O diagnóstico foi dificultado pelo facto de se tratar de um doente idoso, com sintomas inespecíficos, com longo tempo de duração e que, quando recorreu pela primeira vez aos cuidados de saúde, já apresentava degradação importante do estado geral. Atendendo à idade, sintomas constitucionais e resultado da primeira TC abdominal, foi levantada a suspeita de neoplasia do trato gastrintestinal, que motivou o pedido de colonoscopia. Este exame permitiu excluir patologia do cólon mas, por apenas apresentar 11% de sensibilidade para o diagnóstico de neoplasias do apêndice5, não foi útil para o diagnóstico definitivo.
A repetição da TC abdominal, motivada pelo agravamento clínico do doente, foi essencial para o esclarecimento do caso, tendo identificado a extensa coleção retroperitoneal abcedada, complicação grave da apendicite perfurada, com necessidade de tratamento imediato.
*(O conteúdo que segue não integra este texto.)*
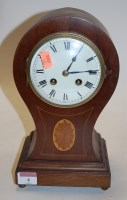 Lot 4 - An Edwardian mahogany and satinwood inlaid...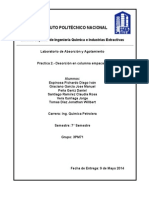 Columnas empacadas desorción amoniaco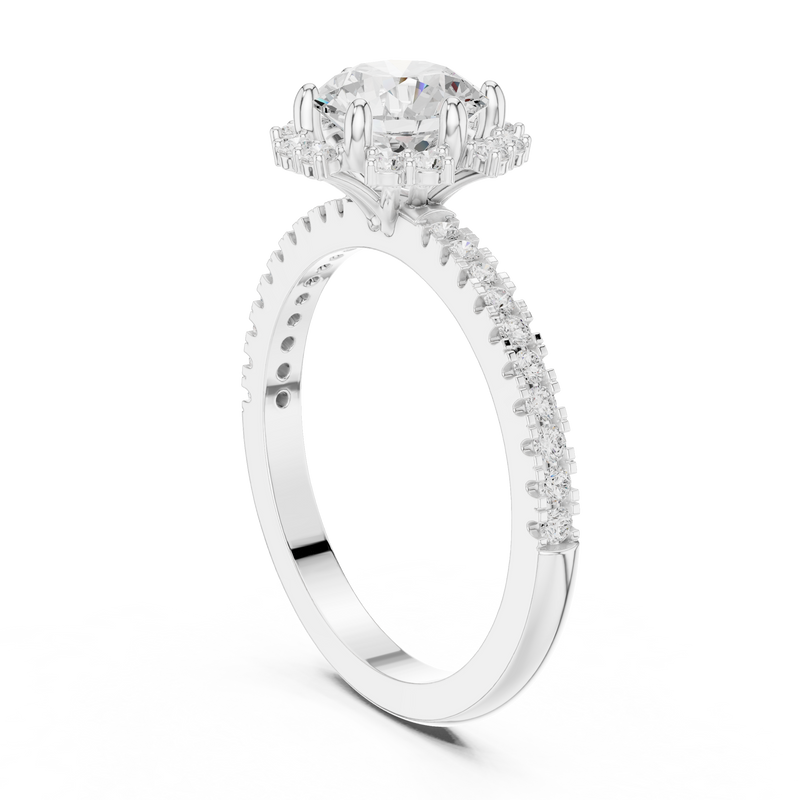 Ladies Ring DDLR-324@7 - White Gold - Image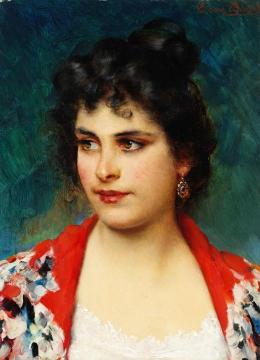 The Girl From Chioggia Artwork by Eugen Von Blaas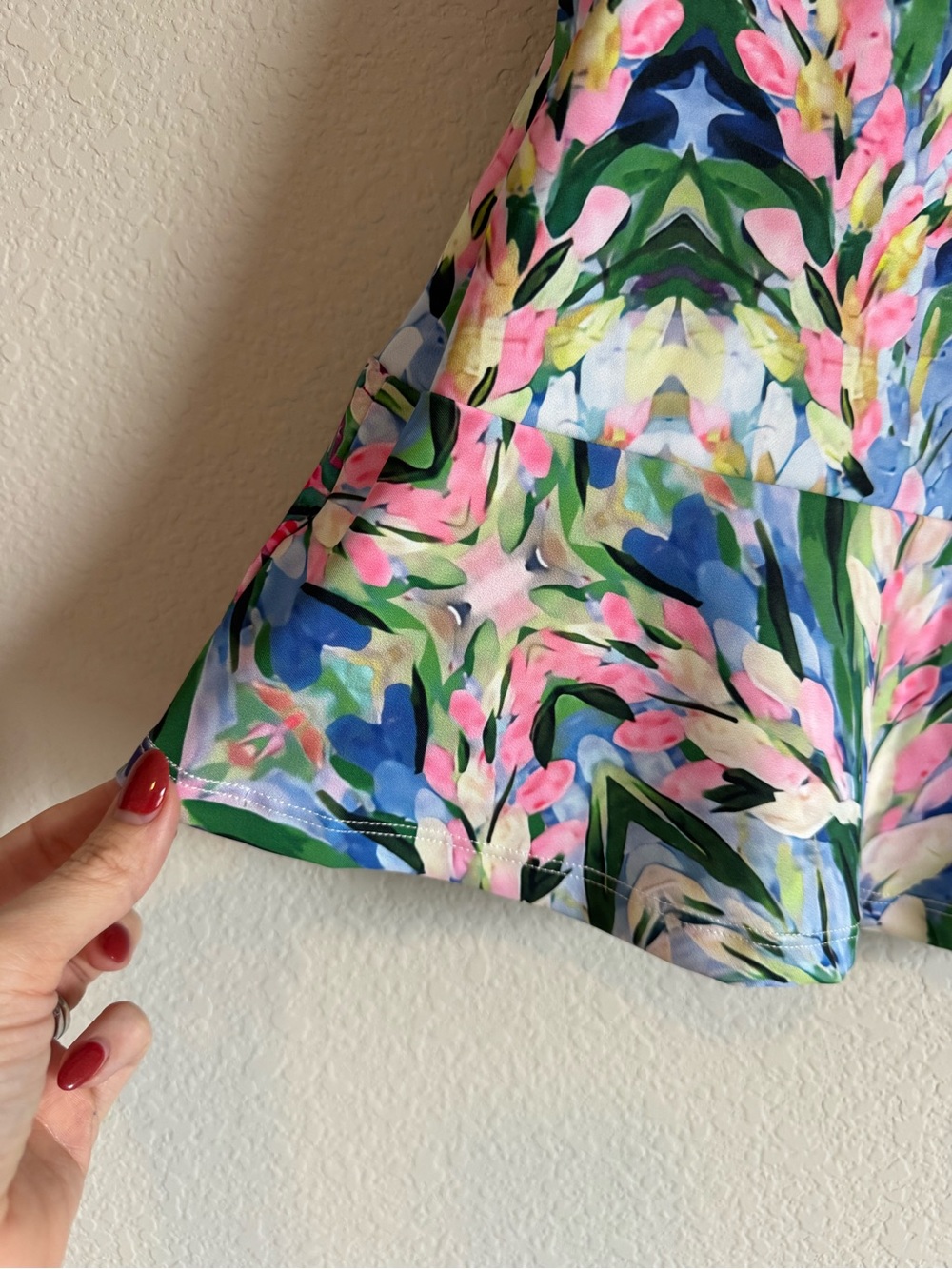 Acegolfs Botanical Floral Print Energy Silky 17" Ruffle Tennis Golf Skirt Size L - Picture 9 of 11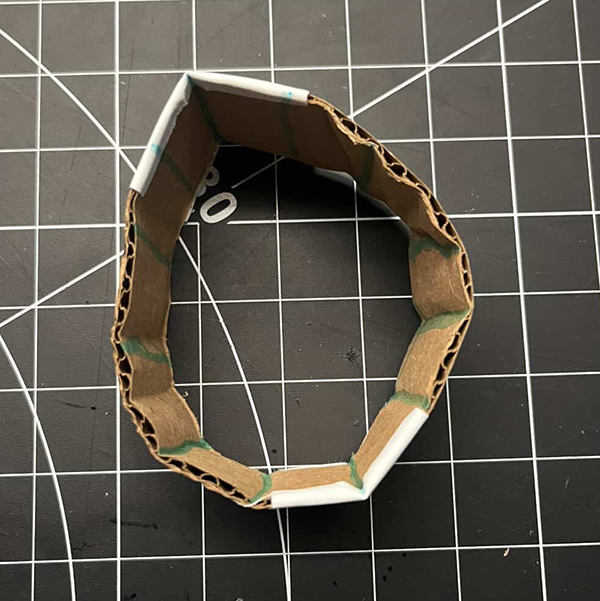 This image shows the holder where the gears would be placed. We created this piece to see how the gears would fit together and to test the overall structure of our prototype. It was important to ensure that the gears could rotate smoothly within the holder.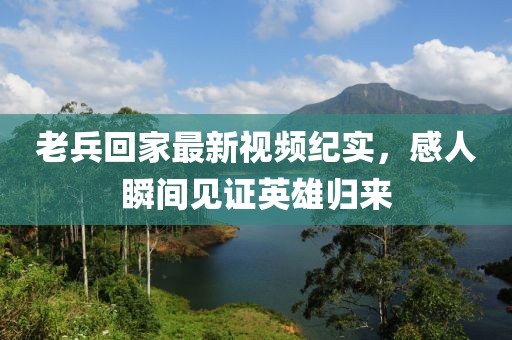 老兵回家最新視頻紀實，感人瞬間見證英雄歸來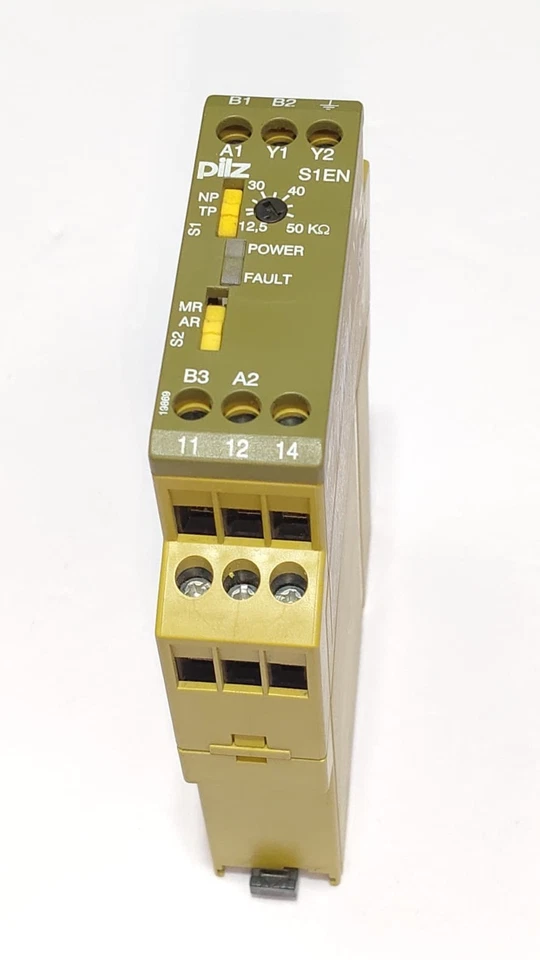 PILZ S1EN 50KOhm 24-240VAC/DC Motor Protection/Earth Fault Monitoring Relay NEW - Image 4 of 4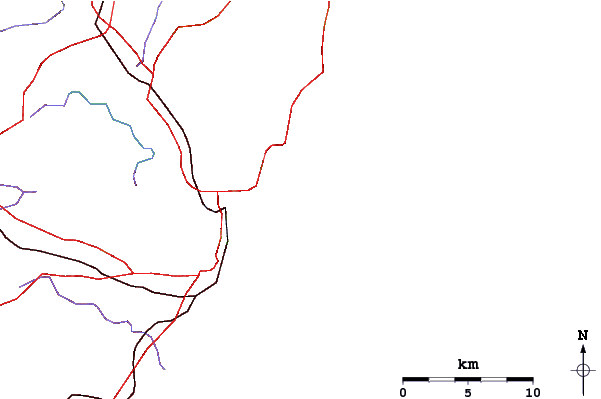 Routes et rivières à proximité Lady Jane Bay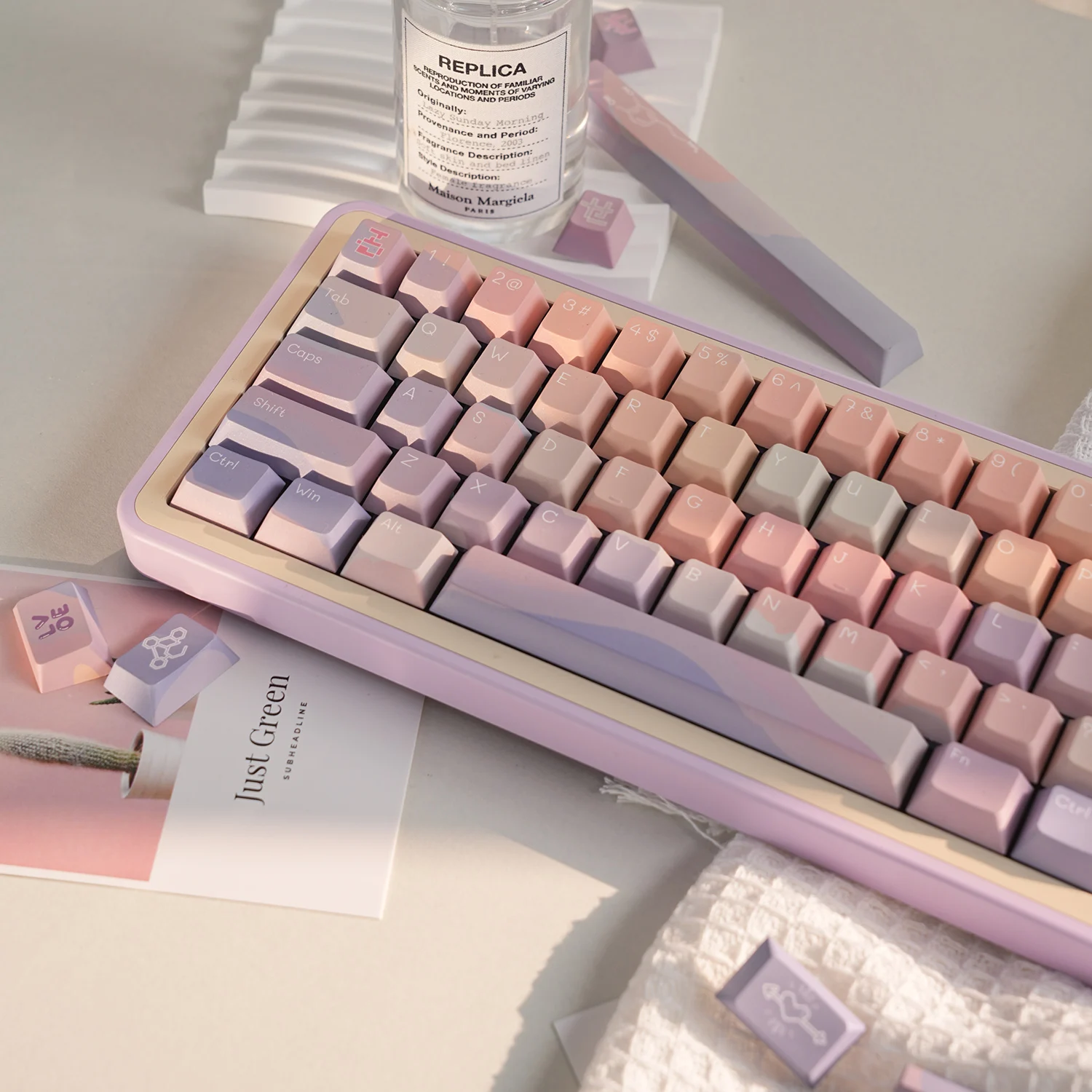 

Dopamine Keycaps PBT Dye-subbed 129Keys Cherry Profile For MX Switches Mechanical Keyboard Wooting A75 royal kludge rkr75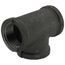 1-1/4" Black Tee, Class 150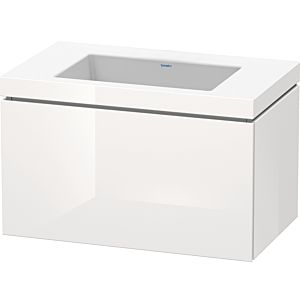 L-Cube Duravit vasque LC6917N2222 80 x 48 cm, sans trou pour robinetterie, blanc brillant, 2000 coulissant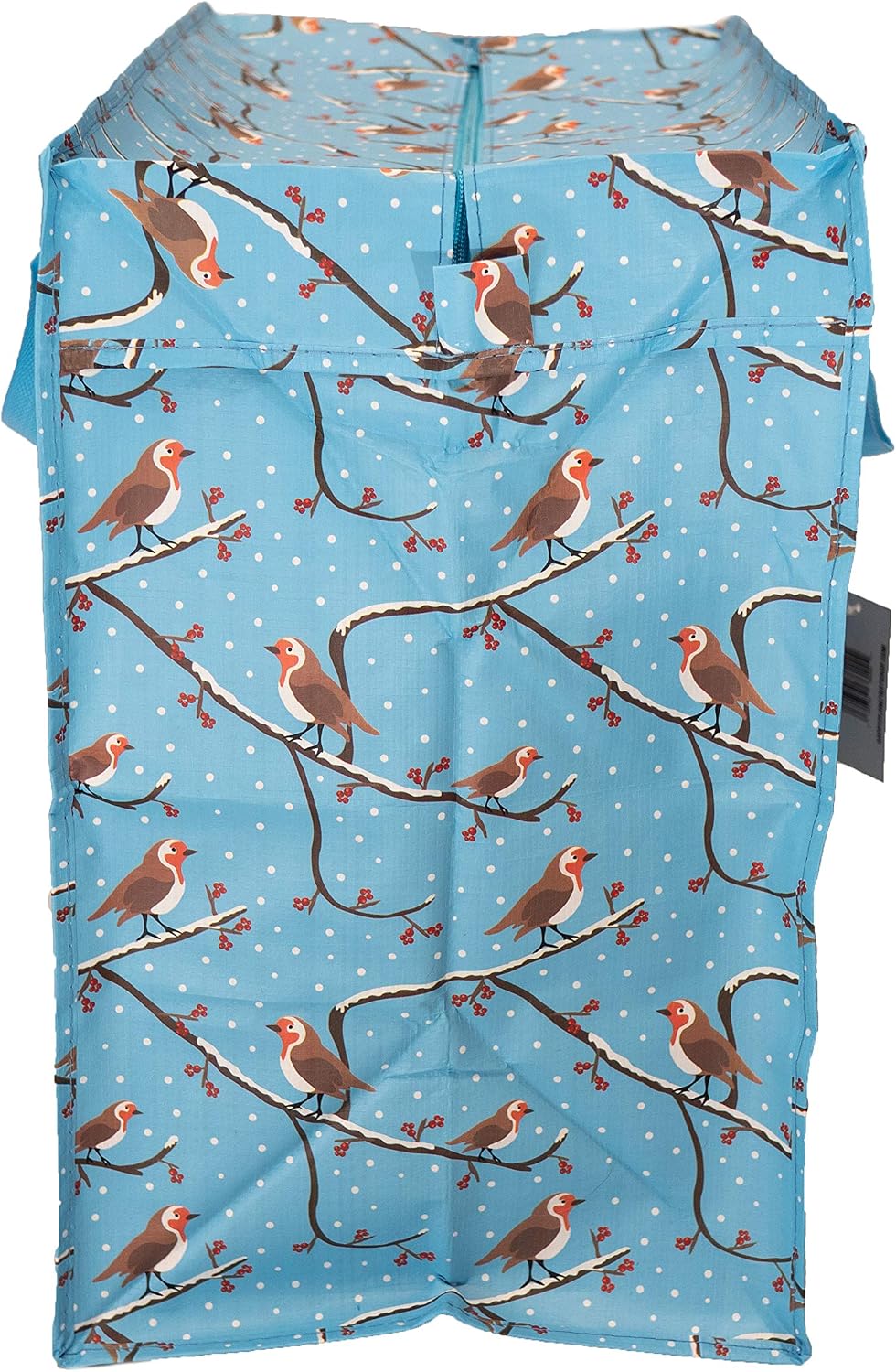 Happy Planet Giftshop Large Jumbo Storage Bag with Zip 58 x 47 x 30cm 80l (Winter Robins Christmas Xmas Design) (Pack of 3) - Image 4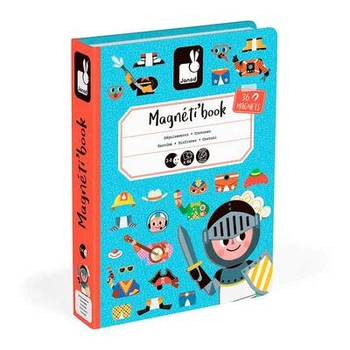 Магнитная книга Janod Наряды для мальчика (J02719) (10-547619)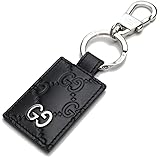 グッチ GUCCI GGアイコン レザー キーリング キーホルダー 478136 CWC1N 1000 ブラック [並行輸入品]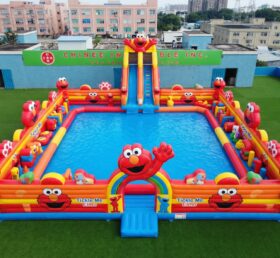 Pool3-914 Parc aquatique gonflable à thème Tickle Me Elmo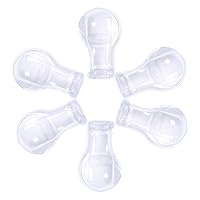 LittleForBig Adult Extra Large Sized Replacement Transparent Pacifier Teats Value 6 Pack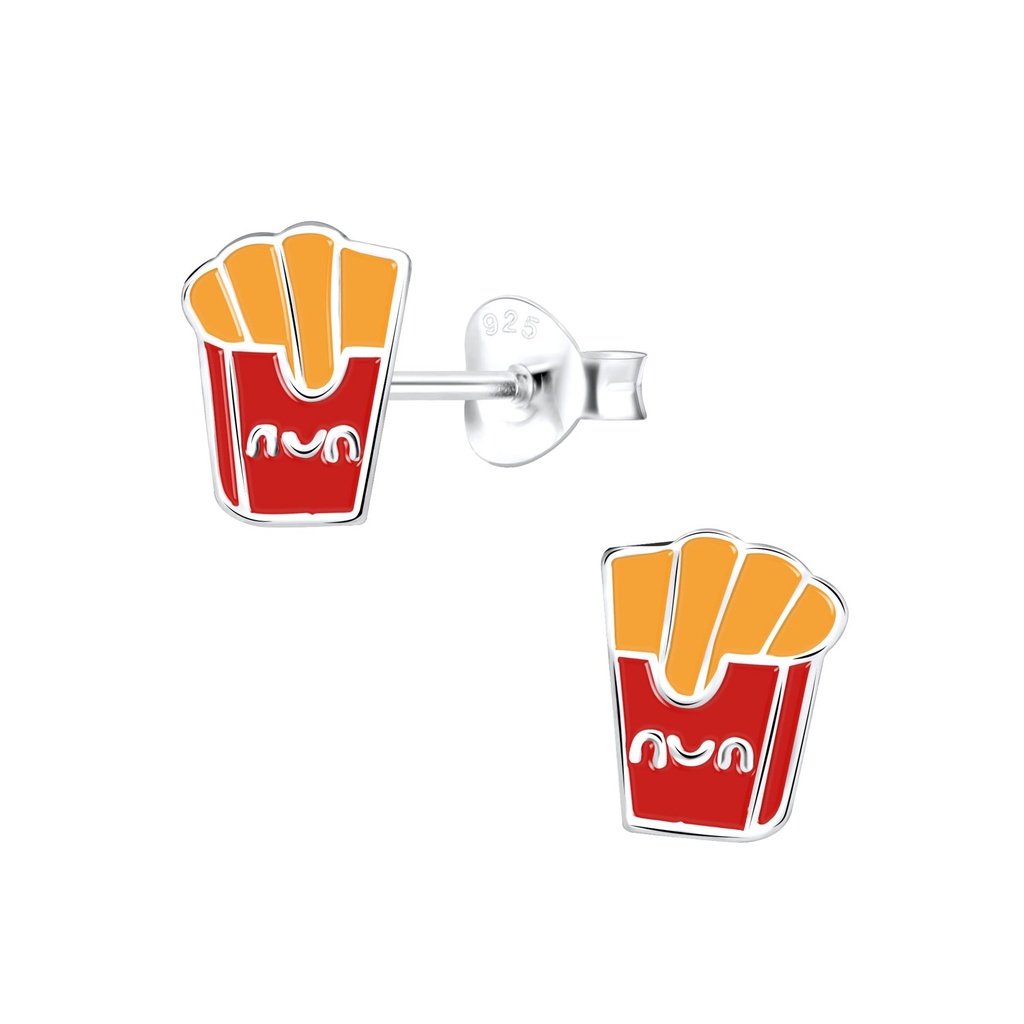 Puces d'oreilles frites en argent
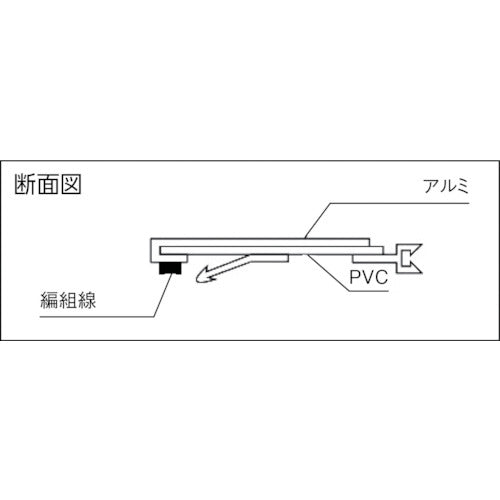 トラスコ中山（TRUSCO）　電磁波シールド結束チューブ ジッパータイプ 70Φ10m　【品番：SHNF-70-10】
Apesar deste exame ter uma sensibilidade de 95% para diagnóstico de neoplasia do apêndice5, o diagnóstico final só foi possível após a intervenção cirúrgica e conhecimento do resultado histológico. Neste caso foi realizada apendicectomia simples contudo, no caso de tumores agressivos, como é o caso, alguns autores aconselham além da apendicectomia, realização de alargamento com hemicolectomia direita8,10.
Conclusão:
Idosos com sintomas pouco específicos devem sempre ser alvo de uma história clínica e exame físico cuidadosos, apesar de muitas vezes fornecerem pouca informação. Os diagnósticos diferenciais a considerar no idoso passam cada vez mais por incluir os diagnósticos até então mais prevalentes em idades jovens, dado o aumento progressivo da esperança média de vida. A rapidez no diagnóstico e tratamento atempado é essencial para diminuir a incidência e a gravidade das complicações decorrentes da patologia de base.
Figura I

Figura 1: Espessamento de ansas na fossa ilíaca direita em corte transversal em TC abdominal.
Figura II

Figura 2: Extenso abcesso na fossa ilíaca direita com gás no interior, em plano coronal.
Figura III

Figura 3: Extenso abcesso na fossa ilíaca direita com gás no interior, em corte transversal, em TC abdominal.
Figura IV

Figura 4: Extenso abcesso com gás no interior desde a região dorsal inferior direita, exteriorizando-se para o espaço subcutâneo da região lombar direita, em plano sagital.